The entire process is mathematically described as follows:

$${\phi }_{in}(x,y)+2S_{DM}(x,y)+F(x,y)={\phi }_{out}(x,y)$$

(5)

where $S_{DM}(x,y)$, $F(x,y)$ and ${\phi }_{out}(x,y)$ are the DM surface distribution, the induced laser wavefront distortion function and the output wavefront distribution, respectively [69]. The relationship between the input and the output wavefront through the laser system is linear and can be described in terms of the transmission function $H(x,y)$:

$$H(x,y)={\phi }_{in}(x,y)+F(x,y)$$

(6)

If the initial conditions were expressed by the output wavefront ${\phi }_{out}(x,y)$ and the DM surface $S_{DM}^{\left(0\right)}(x,y)$, the first compensation DM surface distribution $S_{DM}^{\left(1\right)}(x,y)$, representing the wavefront shaping in the laser system, can be calculated as follows:

$$\left\{\begin{array}{cc}\hfill H(x,y)& ={\phi }_{out}(x,y)-2S_{DM}^{\left(0\right)}(x,y)\hfill \\ \hfill S_{DM}^{\left(1\right)}(x,y)& ={\displaystyle \frac{1}{2}}\left[{\phi }_{aim}(x,y)-H(x,y)\right]\hfill \end{array}\right.$$

(7)

by considering the wavefront distribution ${\phi }_{aim}(x,y)$ and the transmission function $H(x,y)$. When the laser system itself (i.e., the aberrations) is linear, the output flattening wavefront distribution cannot be obtained after the first wavefront correction. So, the iterative method should be applied:

$$S_{DM}^{(n+1)}(x,y)={\displaystyle \frac{1}{2}}\left[{\phi }_{aim}(x,y)-{\phi }_{out}^{\left(n\right)}(x,y)\right]+S_{DM}^{\left(n\right)}(x,y)$$

(8)

where $S_{DM}^{\left(n\right)}(x,y)$ represents the DM surface distribution at the $n^{th}$ iteration, and for $n=0$, it represents the initial DM surface; ${\phi }_{out}^{\left(n\right)}(x,y)$ represents the $n^{th}$ output wavefront distribution, and for $n=0$, it represents the initial wavefront [70].

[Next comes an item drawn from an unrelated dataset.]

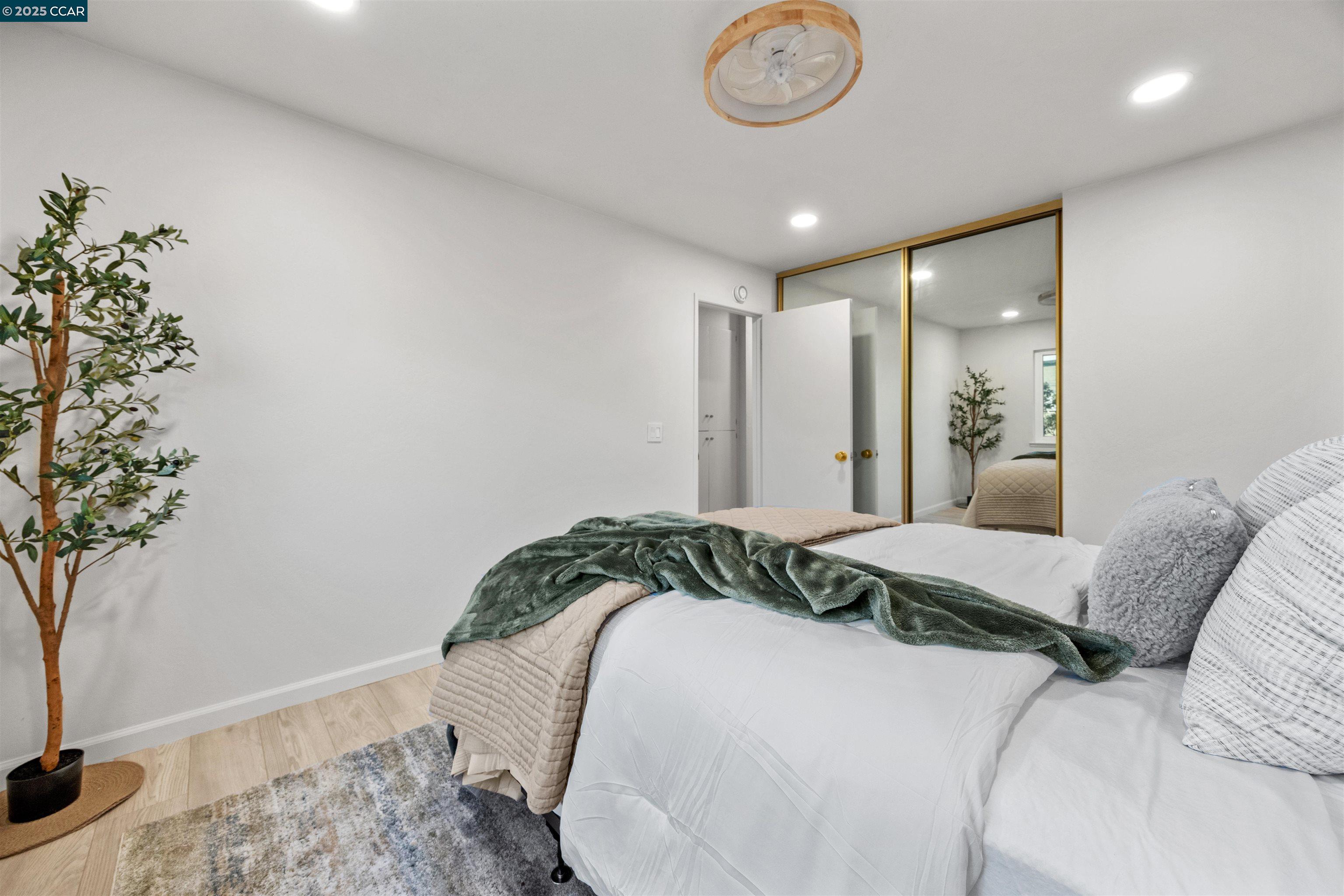 Detail Gallery Image 20 of 37 For 3751 Harrison Street #301,  Oakland,  CA 94611 - 1 Beds | 1 Baths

Hence, the dynamical adjustment of the laser beam profile by the simultaneous AO correction of aberration effects is essential to induce material removal and surface modification with sub-micron accuracy. This enables adaptive welding strategies, such as seam tracking and gap bridging. In fact, ultrafast lasers combined with AO can track seams with high precision due to their ability to rapidly adjust focus and intensity. This is particularly useful for materials with intricate geometries or uneven surfaces [1]. AO excels in handling complex weld geometries (e.g., curved seams) due to its ability to dynamically adjust beam parameters. Moreover, AO allows ultrafast lasers to adaptively bridge gaps by modifying the beam profile or oscillating the focal point. This ensures consistent energy delivery across varying material separations. With increased tolerance to joint gaps, AO reduces the need for precise machining or clamping during part preparation. This lowers manufacturing costs and shortens production times. In particular, ultrafast lasers excel in processing transparent materials (e.g., glass) through nonlinear absorption mechanisms. AO enhances this capability by enabling precise 3D structuring and deep penetration welding, such as forming molten structures up to 5 mm deep in quartz glass [71]. Furthermore, parallelization enabled by AO reduces processing times by allowing for the simultaneous processing of multiple areas or rapid switching between focal positions [1]. All these advancements make adaptive optics a transformative technology in laser welding, offering unparalleled precision, efficiency, and adaptability for industrial applications.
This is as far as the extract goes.